DIRECTIONS FOR THIS TASK ::
Exactly the lines from the beginning of the records below through the line with "Photo of freestanding signs" must be given again, without pictures.

Short web captions ::
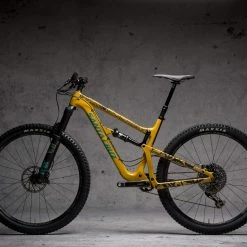 DyedBro Viking Rammefolie Sort – Mat -Crankbrothers Salgsbutik Viking Black 2 1024x1024@2x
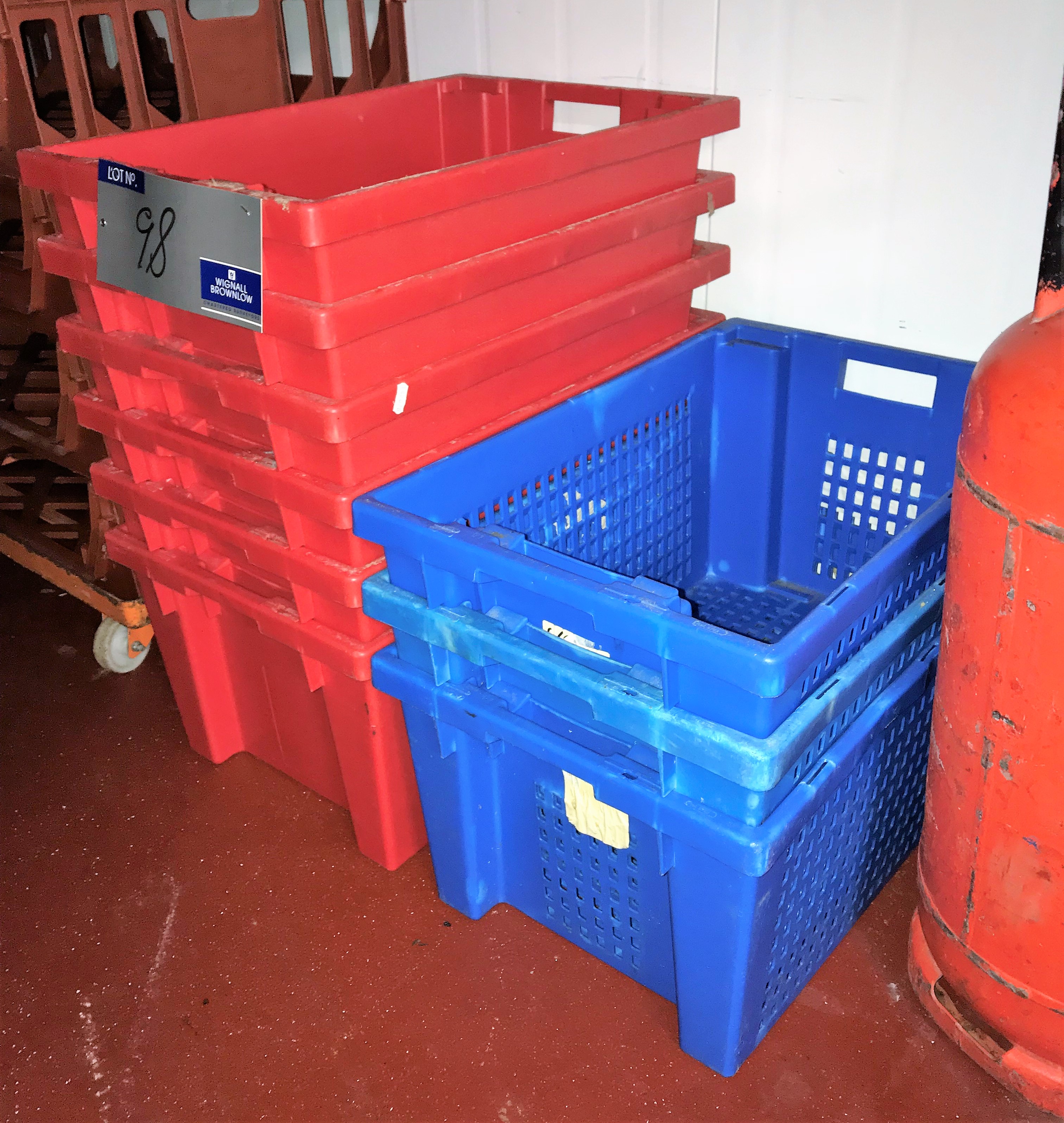 9 Plastic Stacking Boxes, 600 x 400 x 300mm dp (Normanton).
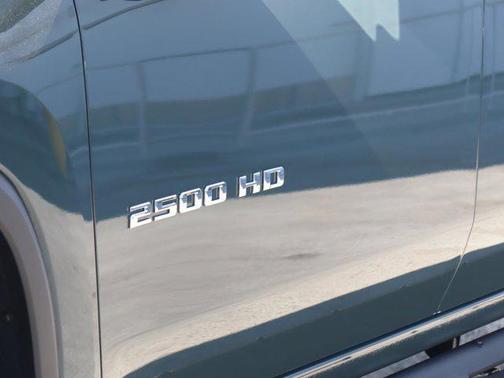 2025 Chevrolet Silverado 2500 LT
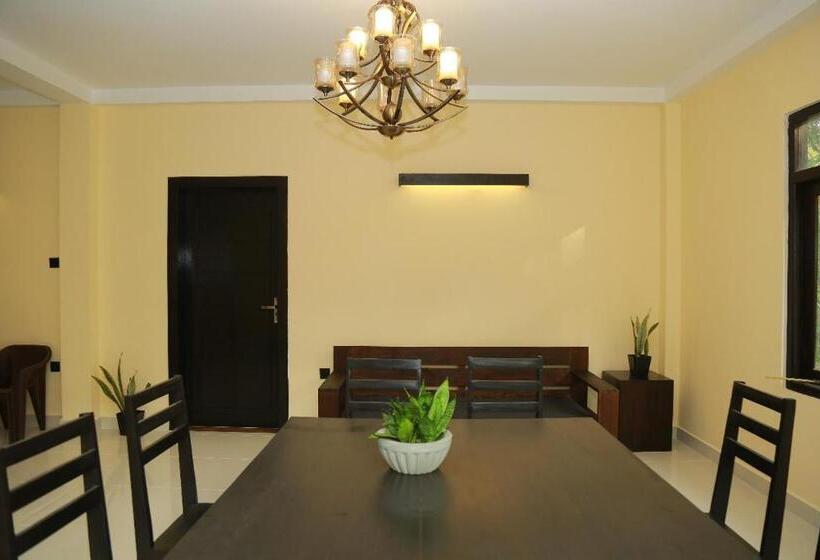 فندق Charly Breeze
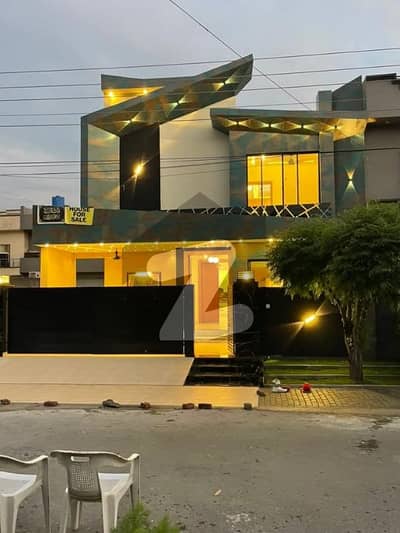 سینٹرل پارک ۔ بلاک اے سینٹرل پارک ہاؤسنگ سکیم,لاہور میں 5 کمروں کا 10 مرلہ مکان 3.85 کروڑ میں برائے فروخت۔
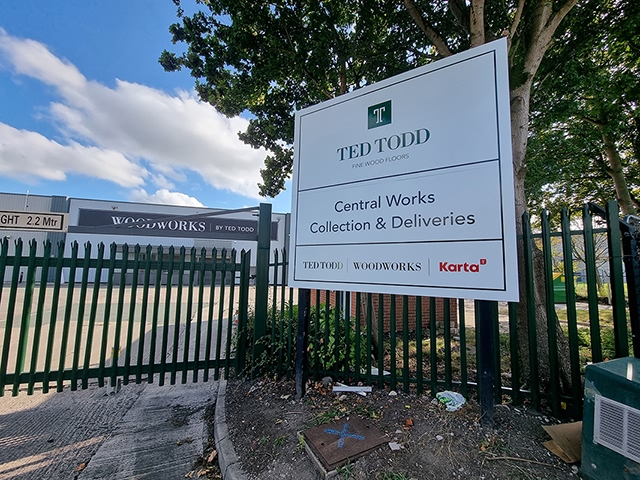 Photo of freestanding signs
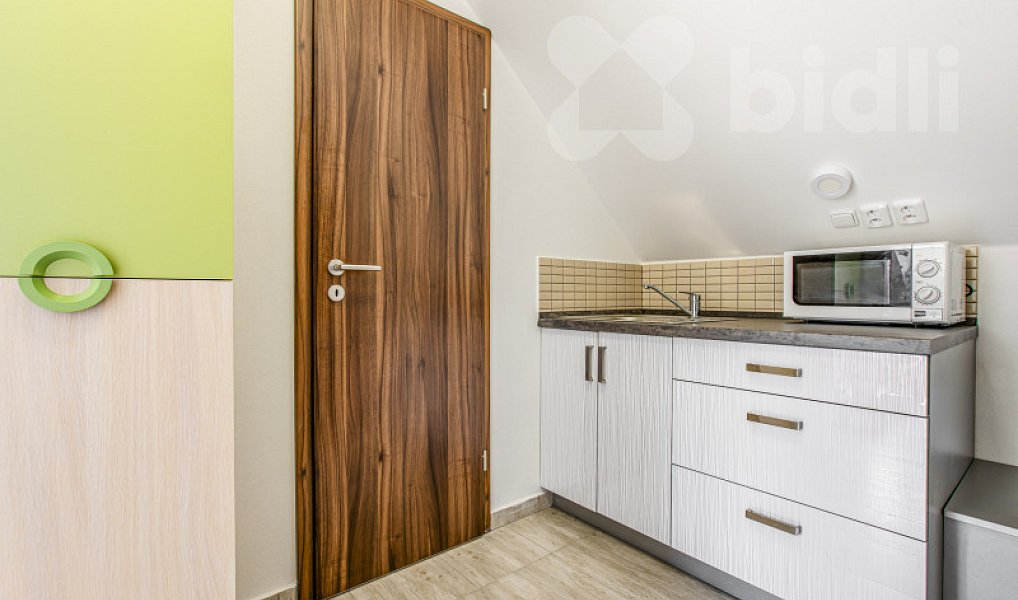 Prodej domu 230 m² s pozemkem 4 000 m², Horní Stropnice – náhled fotky 16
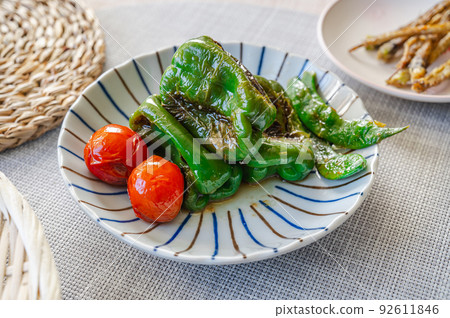 醃製整個烤辣椒 醃製整個烤辣椒 92611846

OUTPUT FOR THIS TASK ::
 DyedBro Viking Rammefolie Sort – Mat -Crankbrothers Salgsbutik Viking Black 2 1024x1024@2x
 9 Plastic Stacking Boxes, 600 x 400 x 300mm dp (Normanton).
 2025 Chevrolet Silverado 2500 LT
 فندق Charly Breeze
 سینٹرل پارک ۔ بلاک اے سینٹرل پارک ہاؤسنگ سکیم,لاہور میں 5 کمروں کا 10 مرلہ مکان 3.85 کروڑ میں برائے فروخت۔
 Photo of freestanding signs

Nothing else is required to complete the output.